Source data
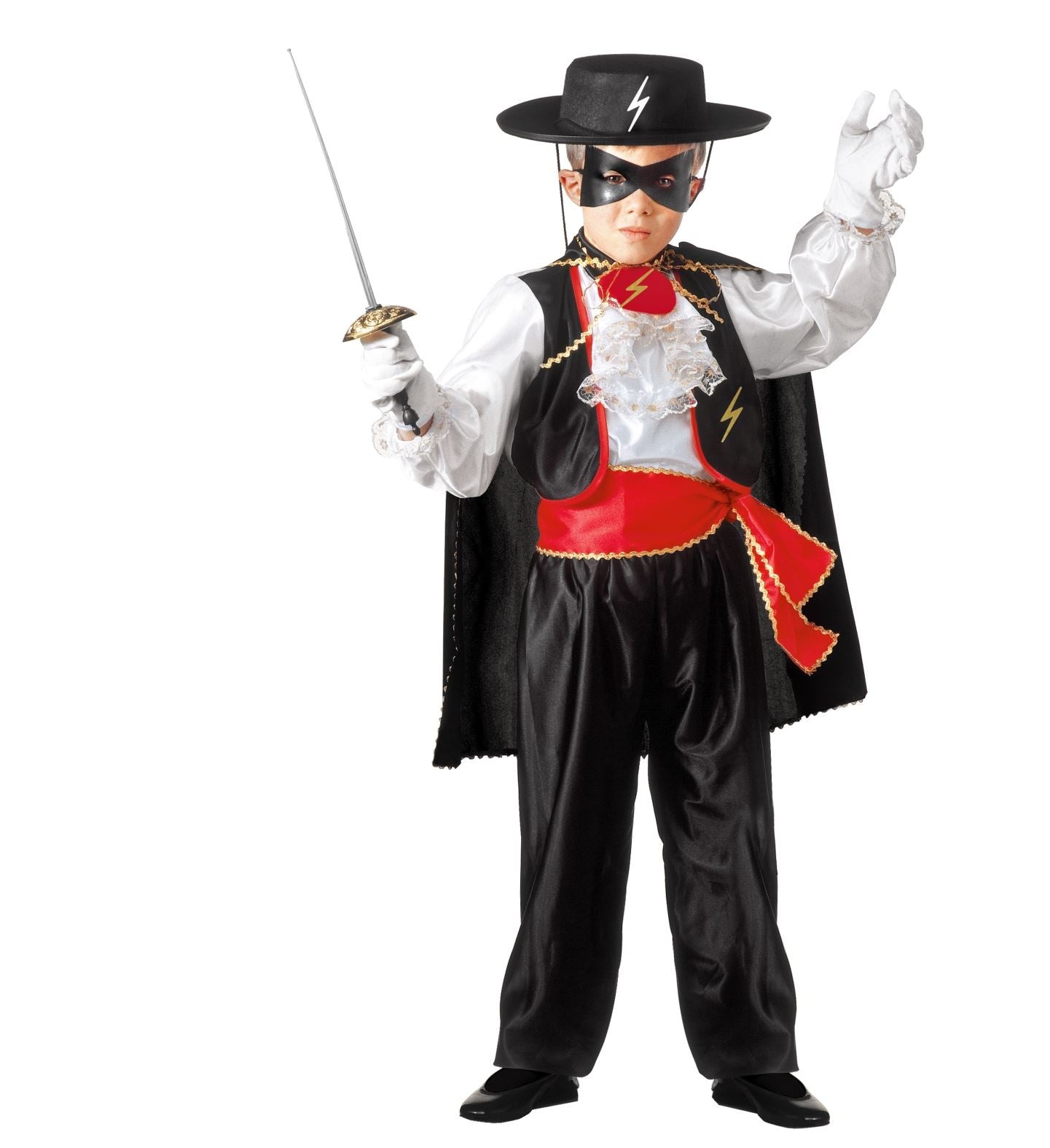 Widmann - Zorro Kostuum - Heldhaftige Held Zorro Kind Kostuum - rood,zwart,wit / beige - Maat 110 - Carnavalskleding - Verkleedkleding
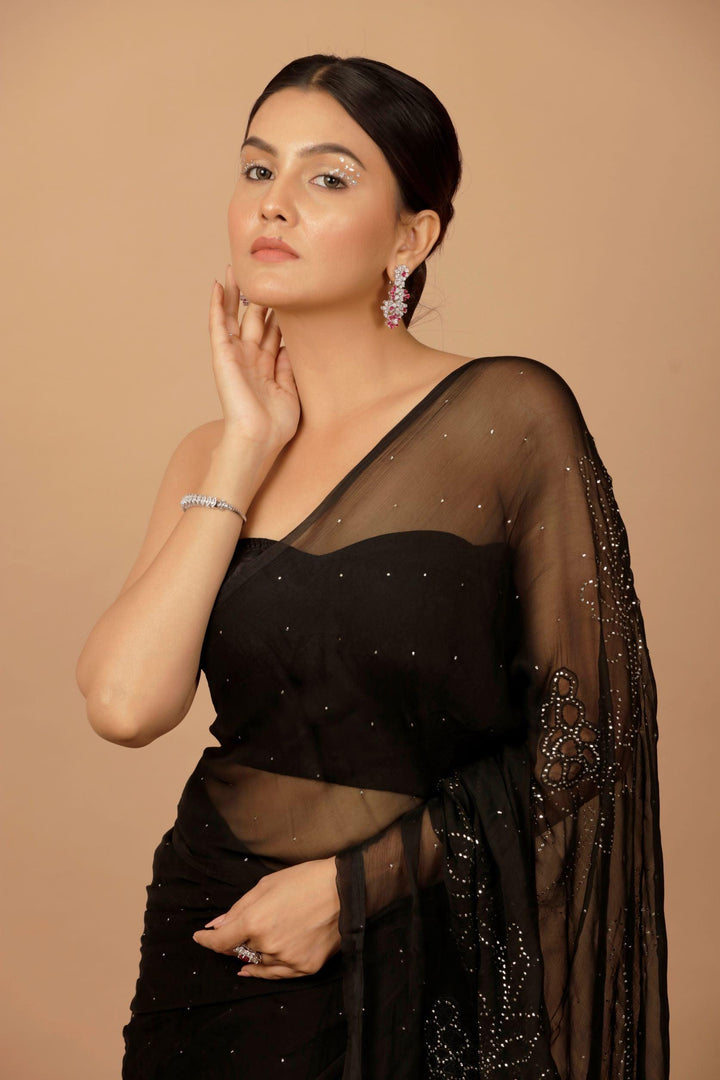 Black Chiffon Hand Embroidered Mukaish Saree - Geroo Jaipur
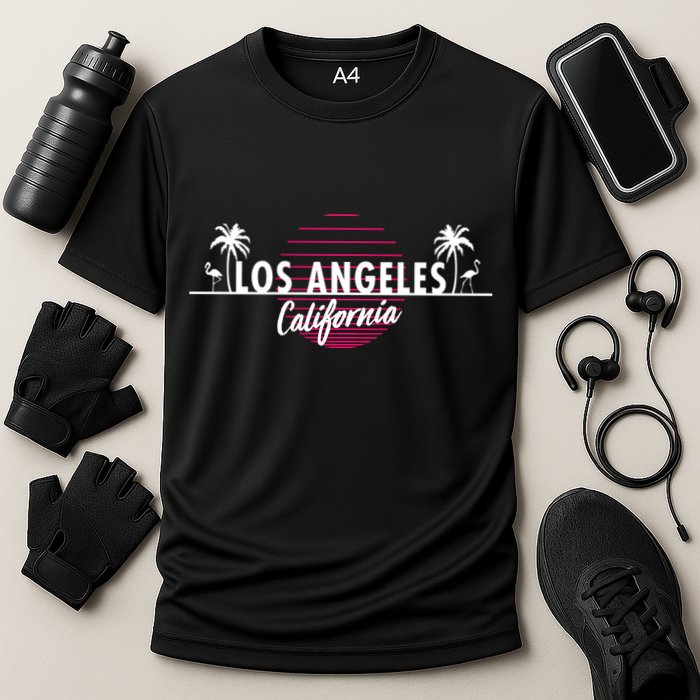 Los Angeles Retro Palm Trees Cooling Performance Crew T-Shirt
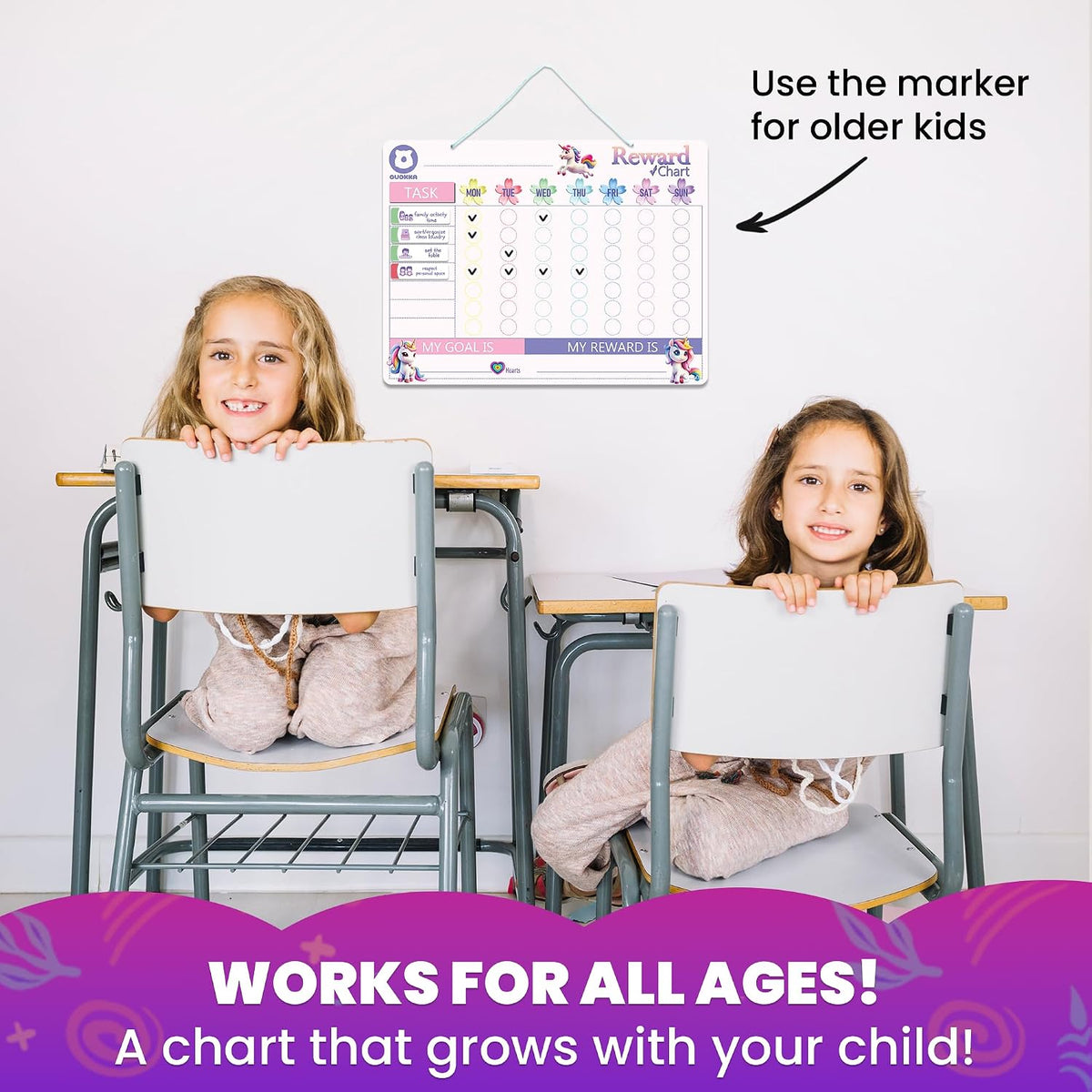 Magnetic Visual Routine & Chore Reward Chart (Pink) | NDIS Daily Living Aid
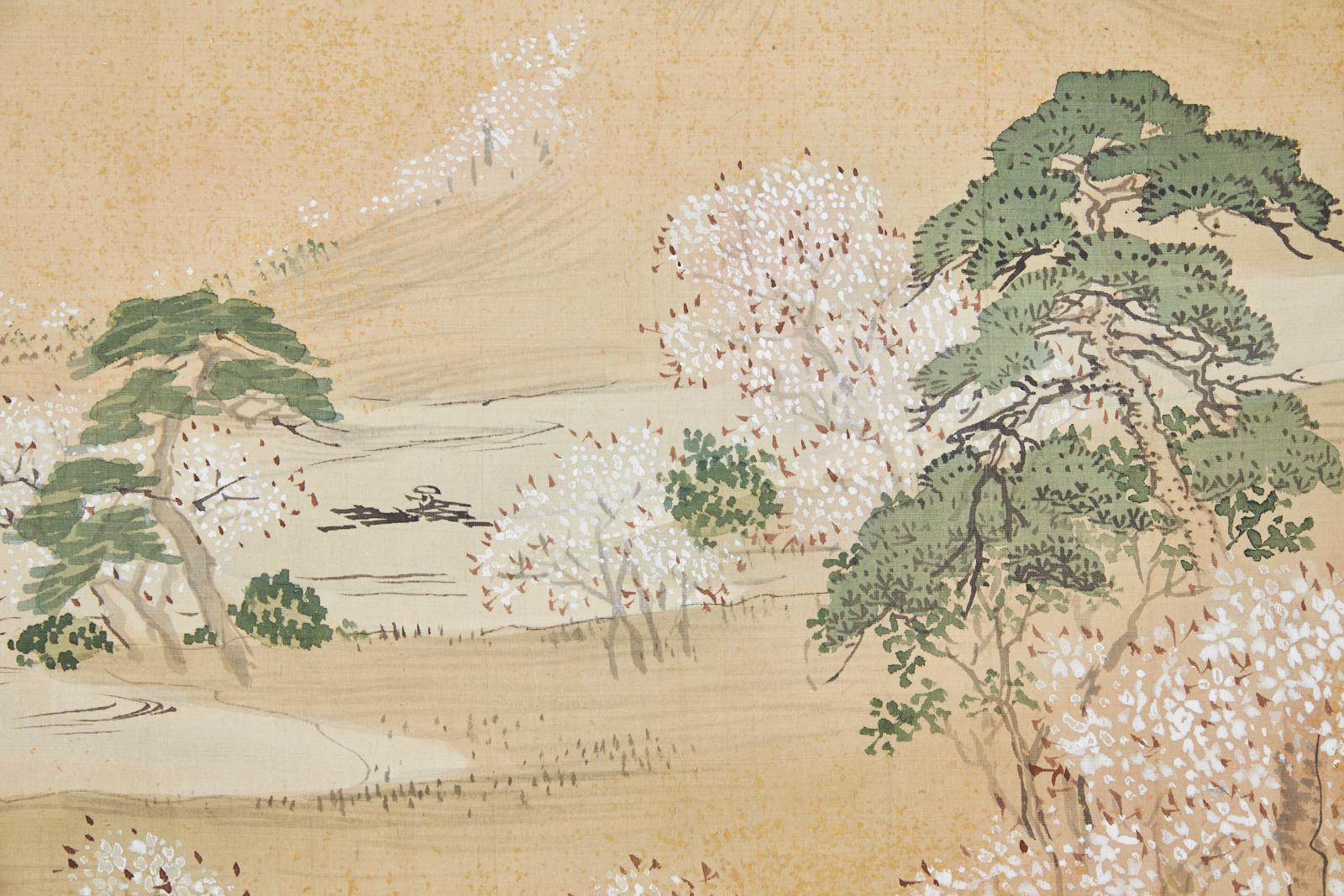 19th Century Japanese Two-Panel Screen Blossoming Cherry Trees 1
...
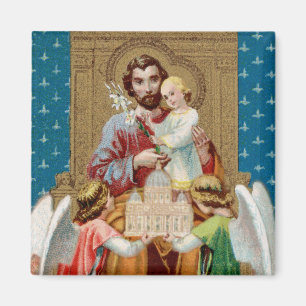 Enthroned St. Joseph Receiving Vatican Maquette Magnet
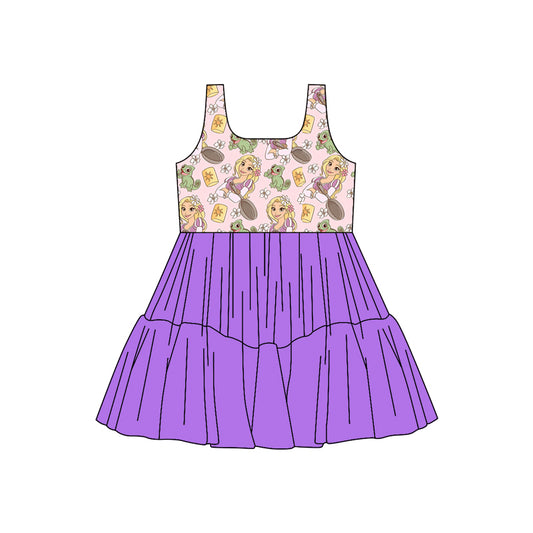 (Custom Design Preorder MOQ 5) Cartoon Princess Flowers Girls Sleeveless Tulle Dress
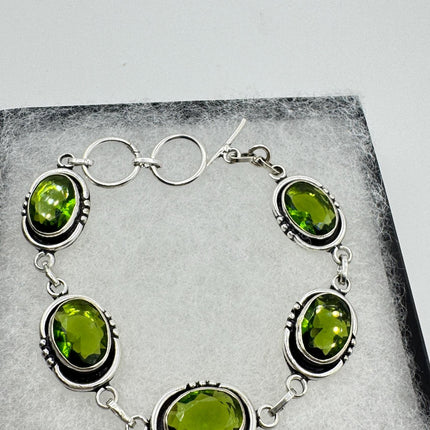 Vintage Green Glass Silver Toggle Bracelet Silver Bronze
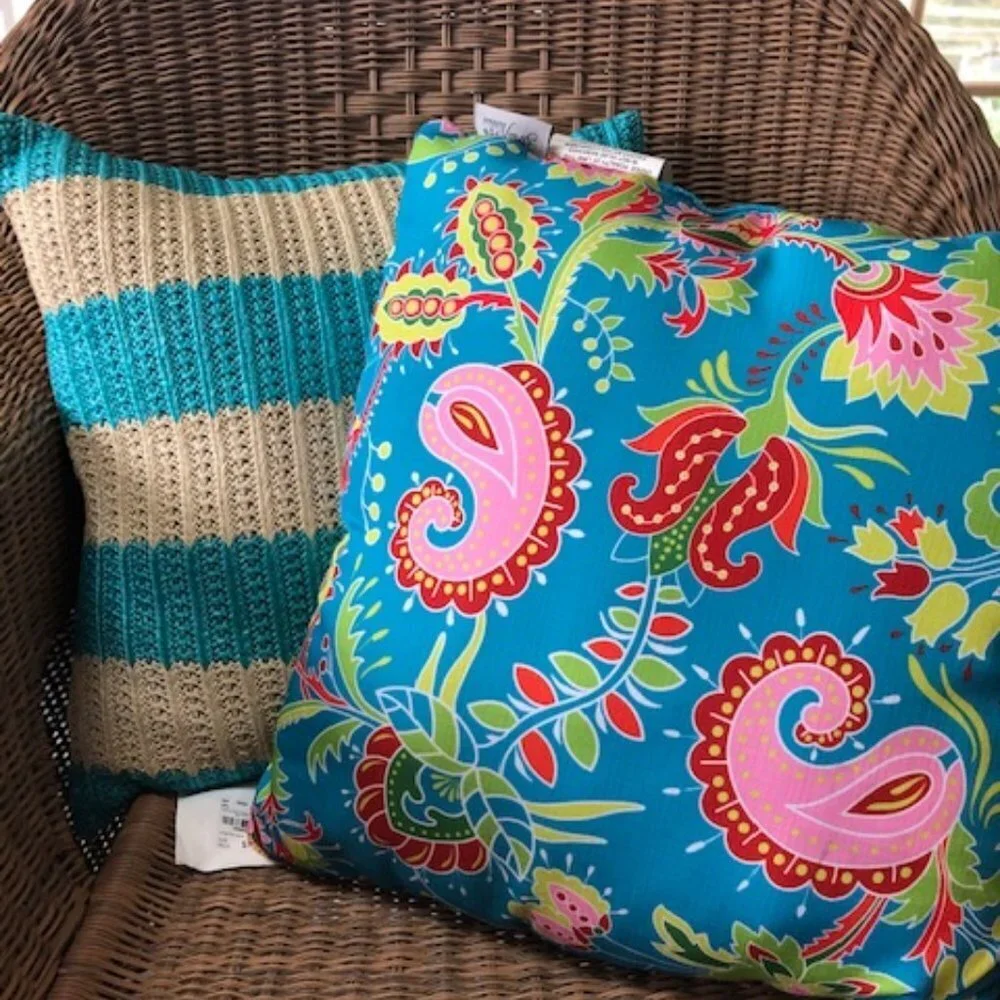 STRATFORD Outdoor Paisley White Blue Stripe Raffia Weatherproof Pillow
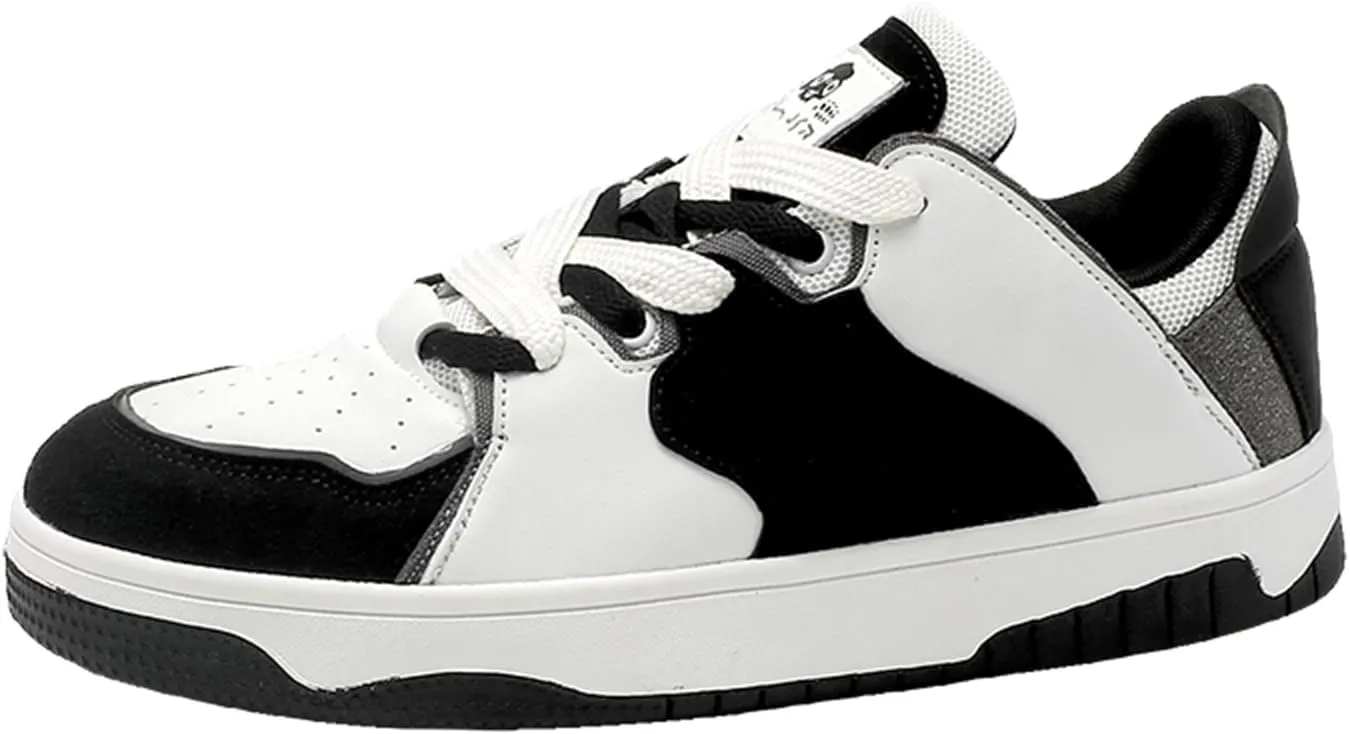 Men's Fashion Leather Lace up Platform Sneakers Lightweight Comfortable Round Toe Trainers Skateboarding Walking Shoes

Problem
Word for word, write out the lines above running from the one with "STRATFORD Outdoor Paisley" up to and including the one with "Men's Fashion Leather". Drop any picture.

Exercise output
 STRATFORD Outdoor Paisley White Blue Stripe Raffia Weatherproof Pillow
 Men's Fashion Leather Lace up Platform Sneakers Lightweight Comfortable Round Toe Trainers Skateboarding Walking Shoes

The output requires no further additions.